Lower down are entries containing pictures. Copy exactly, without those pictures, the lines from the line with "2025 Coffee break" through the line with "跟腱靴踝关节固定支具跟腱断裂术后康复鞋充气式助行鞋气囊鞋 轻便双气囊高款 S(建议36-39码)".

> Record set
Start of Block

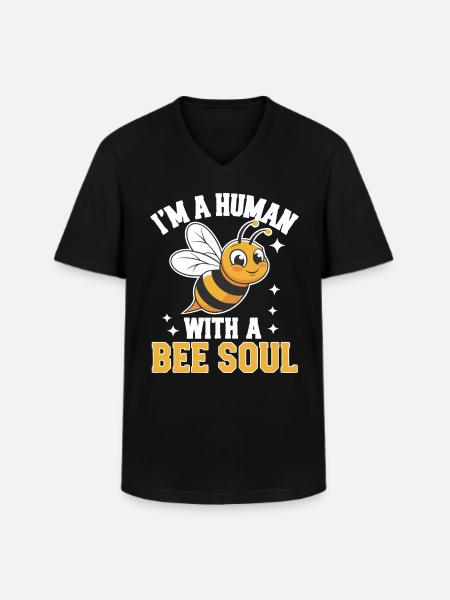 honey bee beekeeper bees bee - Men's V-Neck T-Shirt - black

End of Block
Start of Block

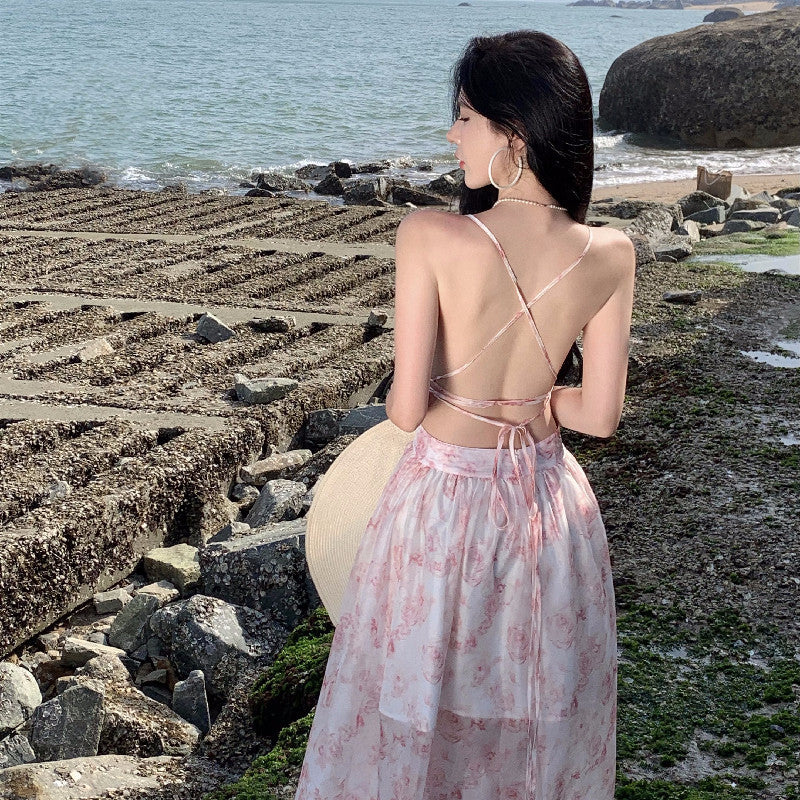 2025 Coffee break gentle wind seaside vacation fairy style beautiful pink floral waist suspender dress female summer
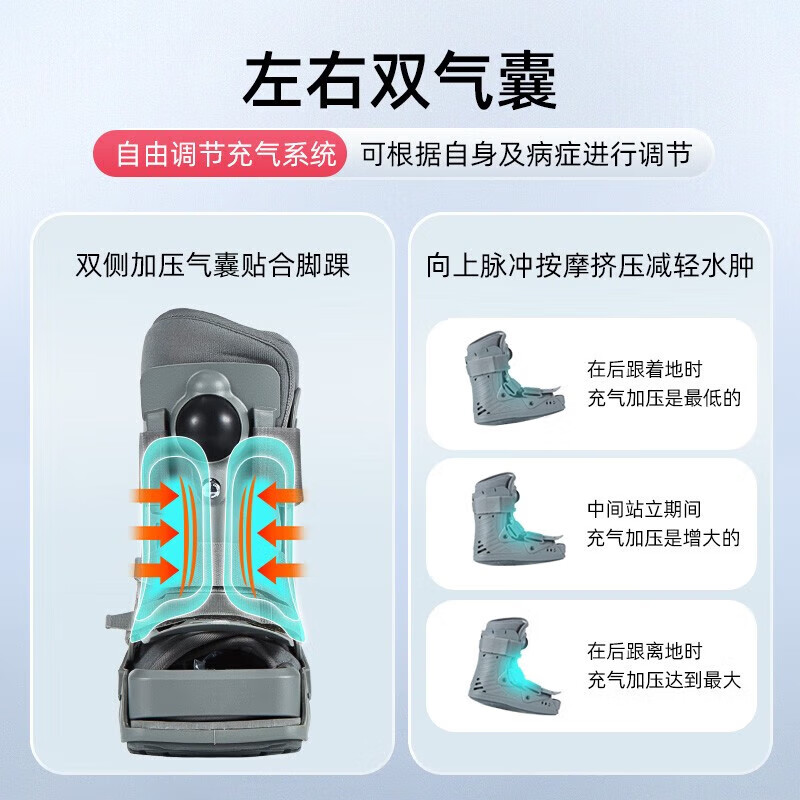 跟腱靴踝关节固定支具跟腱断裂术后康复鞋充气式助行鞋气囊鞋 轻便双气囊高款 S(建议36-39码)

End of Block

> Answer to this exercise
 2025 Coffee break gentle wind seaside vacation fairy style beautiful pink floral waist suspender dress female summer
 跟腱靴踝关节固定支具跟腱断裂术后康复鞋充气式助行鞋气囊鞋 轻便双气囊高款 S(建议36-39码)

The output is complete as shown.